My first look at the processed data seem to imply that OpenFace failed to parse all of the cartoons. It did show partial information, but instances of cartoons may need to be dropped from the dataset. Only images of real humans were fully labelled.

_NOTE: not sure how to submite my assignment with my dataset as it is 2GB_

## Approach

I am not certain how to approach a multivariate DTW problem. It seems like there are two main approaches [(2015, Shokoohi-Yekta et al)](https://link.springer.com/article/10.1007/s10618-016-0455-0):
1. Independent DTW: find the distance between every dimension for two time series. For multi-dimensional time series (MDT) Q and C, $$DTW_1(Q, C) = \sum_{m=1}^{M} DTW(Q_m, C_m)$$ Each dimension is independent.
2. Dependent DTW: warp all dimensions in a single warping matrix. The dimensions are now dependent. It's similar to single-dimension DTW, except the distance is measured for M data-points. The following distance function is used: $$d(q_i, c_j) = \sum_{m=1}^{M} DTW(q_{i, m}, c_{j, m})^2$$

### Areas of interest in the data
[See here for in-depth explanations about output format of OpenFace](https://github.com/TadasBaltrusaitis/OpenFace/wiki/Output-Format)

[OpenFace action units information](https://github.com/TadasBaltrusaitis/OpenFace/wiki/Action-Units)

#### All columns in the CSVs



| Column                         | Description                                                  | Notes                                                        | Selected |
| ------------------------------ | ------------------------------------------------------------ | ------------------------------------------------------------ | -------- |
| `gaze_0_x, gaze_0_y, gaze_0_z` | eye 0, leftmost eye in image                                 |                                                              | N        |
| `gaze_1_x, gaze_1_y, gaze_1_z` | Eye 1, rightmost eye in image                                |                                                              | N        |
| `gaze_angle_x, gaze_angle_y`   | Eye gaze direction in radians in world coordinates averaged for both eyes and converted into more easy to use format than gaze vectors | Might want to use that over `gaze`, as `gaze` is containted in it. | Y        |
| `eye_lmk_x*, eye_lmk_X*`       | location of 3D eye in pixels (x) and mm (X)                  | Redundant if using head rotation and translation             | N        |
| `pose_Rx, pose_Ry, pose_Rz`    | pitch, yaw and roll for head in radians in relation to camera | Head rotation may be useful                                  | Y        |
| `pose_Tx, pose_Ty, pose_Tz`    | location of the head with respect to camera in millimeters   | Head translation may be useful                               | Y        |
| `AU_r`                         | Action units intesity of 17 AUs (from 0 to 5)                | Definitely useful                                            | Y        |
| `AU_c`                         | Action unit presence of 18 AUs                               | Definitely useful                                            | Y        |

#### Fourier Transform
Should I apply a Fourier transform on the time series, and run DTW on the output, or should I simply run DTW on the current time series?

#### Number of features
The model may overfit if too many features are provided. Try at least 3 different amount of features.

## Infrastructure

### Preprocess time series 
* Normalize to have zero mean and unit variance
* [Resample?](https://tslearn.readthedocs.io/en/stable/gen_modules/preprocessing/tslearn.preprocessing.TimeSeriesResampler.html#tslearn.preprocessing.TimeSeriesResampler)

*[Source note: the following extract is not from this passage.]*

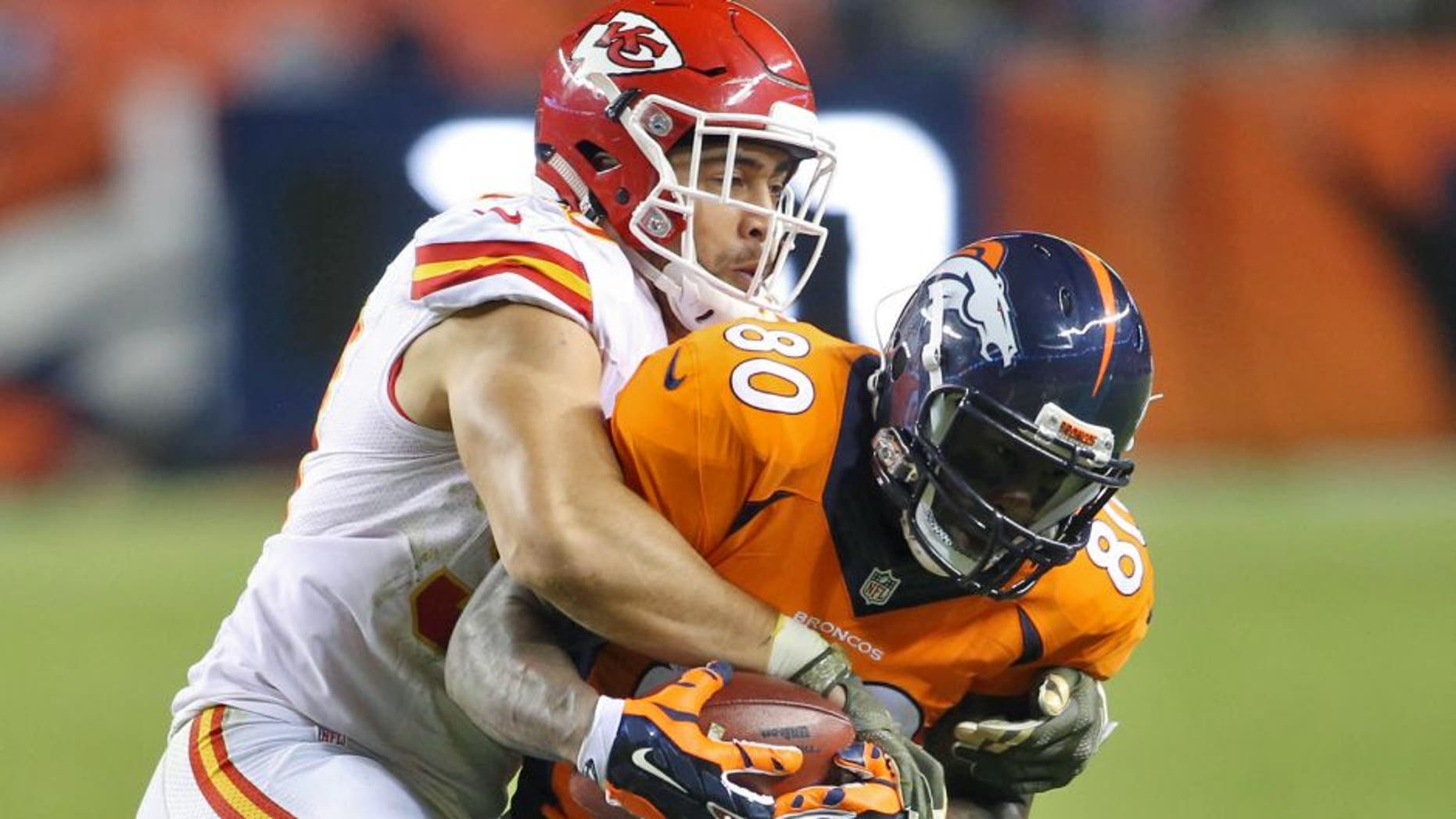 Nov 15, 2015; Denver, CO, USA; Denver Broncos tight end Vernon Davis (80) is brought down by Kansas City Chiefs inside linebacker Josh Mauga (90) during the second half at Sports Authority Field at Mile High. The Chiefs won 29-13. Mandatory Credit: Chris Humphreys-USA TODAY Sports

Apply UMAP to related dimensions to decrease number of dimensions.

In [19]:
# Make UMAP reproducible by using the same reducer with a set random state
reducer = umap.UMAP(random_state=42, n_components=2)

def apply_umap(pd: List[List]):
    """Return a table with less columns by reducing dimensions"""
    # Apply UMAP
    # print(pd.head())
    reducer.fit(pd)
    embedding = reducer.transform(pd)
    print(f"New embedding column number: {len(embedding[0, :])}")
    return pandas.DataFrame.from_records(embedding)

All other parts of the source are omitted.